[Entries taken from a collection]
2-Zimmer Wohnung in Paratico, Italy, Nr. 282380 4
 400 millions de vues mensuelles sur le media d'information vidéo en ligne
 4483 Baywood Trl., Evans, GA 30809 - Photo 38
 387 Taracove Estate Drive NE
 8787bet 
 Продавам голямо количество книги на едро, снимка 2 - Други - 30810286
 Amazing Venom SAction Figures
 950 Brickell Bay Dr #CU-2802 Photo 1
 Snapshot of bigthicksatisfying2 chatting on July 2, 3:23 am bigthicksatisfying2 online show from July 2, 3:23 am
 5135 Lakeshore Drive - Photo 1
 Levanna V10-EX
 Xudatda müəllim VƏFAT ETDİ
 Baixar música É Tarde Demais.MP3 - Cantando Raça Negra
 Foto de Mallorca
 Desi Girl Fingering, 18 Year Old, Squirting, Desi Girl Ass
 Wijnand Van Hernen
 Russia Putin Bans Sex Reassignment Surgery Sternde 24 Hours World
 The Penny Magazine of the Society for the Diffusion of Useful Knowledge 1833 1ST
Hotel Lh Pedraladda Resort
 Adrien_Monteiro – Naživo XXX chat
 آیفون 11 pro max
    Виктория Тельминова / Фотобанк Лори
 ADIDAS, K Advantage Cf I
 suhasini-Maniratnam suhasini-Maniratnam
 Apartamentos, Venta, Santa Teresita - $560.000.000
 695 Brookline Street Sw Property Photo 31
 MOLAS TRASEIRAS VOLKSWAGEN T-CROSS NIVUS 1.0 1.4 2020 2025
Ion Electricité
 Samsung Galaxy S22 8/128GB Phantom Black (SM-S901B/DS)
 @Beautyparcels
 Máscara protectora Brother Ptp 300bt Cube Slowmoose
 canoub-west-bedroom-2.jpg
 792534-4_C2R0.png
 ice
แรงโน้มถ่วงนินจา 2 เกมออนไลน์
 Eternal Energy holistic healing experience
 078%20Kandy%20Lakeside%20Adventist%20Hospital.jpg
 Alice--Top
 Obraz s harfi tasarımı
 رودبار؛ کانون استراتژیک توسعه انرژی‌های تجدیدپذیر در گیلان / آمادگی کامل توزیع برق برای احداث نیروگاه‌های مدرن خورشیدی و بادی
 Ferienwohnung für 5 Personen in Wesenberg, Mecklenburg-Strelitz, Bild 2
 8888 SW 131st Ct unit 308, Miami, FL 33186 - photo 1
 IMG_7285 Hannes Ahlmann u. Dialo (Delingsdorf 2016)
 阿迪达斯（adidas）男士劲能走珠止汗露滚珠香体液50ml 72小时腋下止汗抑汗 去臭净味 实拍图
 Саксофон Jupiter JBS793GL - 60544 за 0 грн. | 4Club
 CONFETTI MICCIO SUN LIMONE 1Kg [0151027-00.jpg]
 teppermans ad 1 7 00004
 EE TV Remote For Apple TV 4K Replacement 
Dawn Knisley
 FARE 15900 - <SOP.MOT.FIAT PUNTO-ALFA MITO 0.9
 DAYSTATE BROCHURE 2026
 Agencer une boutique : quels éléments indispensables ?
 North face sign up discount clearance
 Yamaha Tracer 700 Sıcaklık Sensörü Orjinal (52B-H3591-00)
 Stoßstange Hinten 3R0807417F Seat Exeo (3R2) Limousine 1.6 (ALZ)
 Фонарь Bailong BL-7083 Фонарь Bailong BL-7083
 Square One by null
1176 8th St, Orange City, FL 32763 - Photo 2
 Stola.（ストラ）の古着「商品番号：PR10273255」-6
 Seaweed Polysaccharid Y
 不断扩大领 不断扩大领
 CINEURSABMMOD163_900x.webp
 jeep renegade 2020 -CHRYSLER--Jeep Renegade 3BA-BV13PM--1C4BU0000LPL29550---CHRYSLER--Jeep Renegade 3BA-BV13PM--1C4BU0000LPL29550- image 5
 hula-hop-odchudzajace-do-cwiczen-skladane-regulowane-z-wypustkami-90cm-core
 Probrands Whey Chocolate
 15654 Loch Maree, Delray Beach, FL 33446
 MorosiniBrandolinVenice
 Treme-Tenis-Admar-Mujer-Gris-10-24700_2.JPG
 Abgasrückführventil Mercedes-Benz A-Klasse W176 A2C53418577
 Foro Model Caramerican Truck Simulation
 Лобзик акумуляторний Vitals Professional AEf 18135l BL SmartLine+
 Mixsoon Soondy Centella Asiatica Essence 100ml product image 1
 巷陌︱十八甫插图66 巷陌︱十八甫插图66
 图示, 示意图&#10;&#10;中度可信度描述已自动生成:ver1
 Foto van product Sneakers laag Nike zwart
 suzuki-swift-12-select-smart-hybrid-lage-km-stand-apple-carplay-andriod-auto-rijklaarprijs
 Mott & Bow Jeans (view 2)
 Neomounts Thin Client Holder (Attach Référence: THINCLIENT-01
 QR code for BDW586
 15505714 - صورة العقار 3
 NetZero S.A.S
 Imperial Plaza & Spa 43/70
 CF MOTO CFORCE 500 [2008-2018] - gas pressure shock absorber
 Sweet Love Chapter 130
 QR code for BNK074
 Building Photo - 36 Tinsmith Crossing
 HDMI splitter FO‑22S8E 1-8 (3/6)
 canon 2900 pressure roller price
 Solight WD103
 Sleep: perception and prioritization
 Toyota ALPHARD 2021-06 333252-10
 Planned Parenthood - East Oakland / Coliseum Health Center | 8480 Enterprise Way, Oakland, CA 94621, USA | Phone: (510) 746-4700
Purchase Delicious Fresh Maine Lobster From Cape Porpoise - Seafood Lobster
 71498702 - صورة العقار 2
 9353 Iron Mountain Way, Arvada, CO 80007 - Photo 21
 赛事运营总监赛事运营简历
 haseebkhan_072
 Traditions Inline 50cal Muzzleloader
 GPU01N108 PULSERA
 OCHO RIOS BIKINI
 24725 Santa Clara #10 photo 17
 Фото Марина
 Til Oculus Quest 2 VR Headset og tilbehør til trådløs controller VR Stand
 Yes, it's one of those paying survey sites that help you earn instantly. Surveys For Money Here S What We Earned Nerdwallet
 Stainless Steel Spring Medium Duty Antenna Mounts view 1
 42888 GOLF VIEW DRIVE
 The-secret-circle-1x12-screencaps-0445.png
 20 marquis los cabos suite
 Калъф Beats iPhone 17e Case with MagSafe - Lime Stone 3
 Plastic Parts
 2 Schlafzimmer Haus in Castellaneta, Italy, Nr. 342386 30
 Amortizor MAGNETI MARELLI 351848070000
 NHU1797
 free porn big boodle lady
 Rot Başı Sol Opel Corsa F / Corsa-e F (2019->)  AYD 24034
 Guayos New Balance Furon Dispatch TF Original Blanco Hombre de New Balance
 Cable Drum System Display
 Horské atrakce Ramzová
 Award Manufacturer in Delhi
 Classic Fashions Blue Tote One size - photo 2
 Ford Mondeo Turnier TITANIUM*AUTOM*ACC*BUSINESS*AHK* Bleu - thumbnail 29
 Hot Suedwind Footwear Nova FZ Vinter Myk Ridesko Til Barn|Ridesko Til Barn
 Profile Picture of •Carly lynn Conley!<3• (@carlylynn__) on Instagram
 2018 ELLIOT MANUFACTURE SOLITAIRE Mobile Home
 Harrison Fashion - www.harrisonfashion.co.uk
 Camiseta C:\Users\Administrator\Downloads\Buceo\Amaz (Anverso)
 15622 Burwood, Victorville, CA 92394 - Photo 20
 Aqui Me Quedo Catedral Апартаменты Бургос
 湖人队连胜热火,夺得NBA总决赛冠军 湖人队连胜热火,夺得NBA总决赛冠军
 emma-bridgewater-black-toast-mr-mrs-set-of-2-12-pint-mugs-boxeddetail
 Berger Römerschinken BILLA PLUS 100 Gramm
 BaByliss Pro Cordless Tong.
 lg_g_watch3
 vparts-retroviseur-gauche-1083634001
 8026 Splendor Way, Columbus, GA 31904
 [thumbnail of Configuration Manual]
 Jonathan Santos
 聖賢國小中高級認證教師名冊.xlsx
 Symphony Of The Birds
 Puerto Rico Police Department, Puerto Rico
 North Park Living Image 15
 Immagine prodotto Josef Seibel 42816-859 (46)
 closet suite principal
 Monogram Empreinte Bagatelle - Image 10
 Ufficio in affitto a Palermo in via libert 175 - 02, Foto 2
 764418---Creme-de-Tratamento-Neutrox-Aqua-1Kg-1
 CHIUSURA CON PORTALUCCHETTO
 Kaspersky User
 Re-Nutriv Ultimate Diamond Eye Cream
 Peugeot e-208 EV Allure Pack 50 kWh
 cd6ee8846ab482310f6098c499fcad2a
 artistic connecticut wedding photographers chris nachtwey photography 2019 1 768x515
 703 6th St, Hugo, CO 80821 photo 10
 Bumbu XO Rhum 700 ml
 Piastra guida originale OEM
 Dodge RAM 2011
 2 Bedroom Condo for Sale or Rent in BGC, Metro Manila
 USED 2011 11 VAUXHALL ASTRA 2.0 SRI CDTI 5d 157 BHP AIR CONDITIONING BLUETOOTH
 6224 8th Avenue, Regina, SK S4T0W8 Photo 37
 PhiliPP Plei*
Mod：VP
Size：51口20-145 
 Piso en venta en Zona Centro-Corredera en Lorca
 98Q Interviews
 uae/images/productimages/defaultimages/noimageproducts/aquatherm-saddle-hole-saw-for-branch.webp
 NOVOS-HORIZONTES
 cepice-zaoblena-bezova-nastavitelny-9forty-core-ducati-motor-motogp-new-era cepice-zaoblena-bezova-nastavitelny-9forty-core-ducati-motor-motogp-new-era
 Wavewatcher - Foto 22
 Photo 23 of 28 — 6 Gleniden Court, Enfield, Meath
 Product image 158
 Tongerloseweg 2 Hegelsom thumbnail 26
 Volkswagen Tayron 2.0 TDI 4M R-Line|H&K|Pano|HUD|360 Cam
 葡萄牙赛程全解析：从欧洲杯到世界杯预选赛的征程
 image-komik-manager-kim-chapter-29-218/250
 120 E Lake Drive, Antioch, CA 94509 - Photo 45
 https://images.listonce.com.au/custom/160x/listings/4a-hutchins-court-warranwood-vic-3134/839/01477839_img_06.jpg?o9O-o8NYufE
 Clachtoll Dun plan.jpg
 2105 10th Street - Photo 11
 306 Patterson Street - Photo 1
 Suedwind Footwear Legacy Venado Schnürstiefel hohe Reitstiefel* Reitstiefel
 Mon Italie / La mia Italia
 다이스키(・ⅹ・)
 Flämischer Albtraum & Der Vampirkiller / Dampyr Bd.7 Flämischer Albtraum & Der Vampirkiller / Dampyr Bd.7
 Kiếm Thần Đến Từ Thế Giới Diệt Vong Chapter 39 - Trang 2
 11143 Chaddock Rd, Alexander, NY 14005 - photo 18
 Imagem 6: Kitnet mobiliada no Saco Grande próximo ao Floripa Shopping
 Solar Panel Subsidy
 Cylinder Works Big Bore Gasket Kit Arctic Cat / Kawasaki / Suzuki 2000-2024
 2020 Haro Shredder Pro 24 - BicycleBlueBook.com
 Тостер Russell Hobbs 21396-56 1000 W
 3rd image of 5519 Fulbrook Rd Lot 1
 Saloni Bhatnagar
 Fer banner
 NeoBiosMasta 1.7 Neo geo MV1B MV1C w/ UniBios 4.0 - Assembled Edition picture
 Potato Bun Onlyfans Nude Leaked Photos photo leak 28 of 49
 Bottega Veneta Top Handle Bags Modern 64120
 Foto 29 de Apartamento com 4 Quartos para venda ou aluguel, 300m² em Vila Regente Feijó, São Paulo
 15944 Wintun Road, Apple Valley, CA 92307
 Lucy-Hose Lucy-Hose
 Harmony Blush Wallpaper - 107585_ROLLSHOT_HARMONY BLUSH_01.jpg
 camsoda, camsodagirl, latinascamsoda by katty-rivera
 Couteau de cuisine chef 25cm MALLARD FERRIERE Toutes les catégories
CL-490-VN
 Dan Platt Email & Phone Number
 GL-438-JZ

**Work request:**
The lines you need are those with the word "code"; list them from the entries.

**Response for this exercise:**
 QR code for BDW586
 QR code for BNK074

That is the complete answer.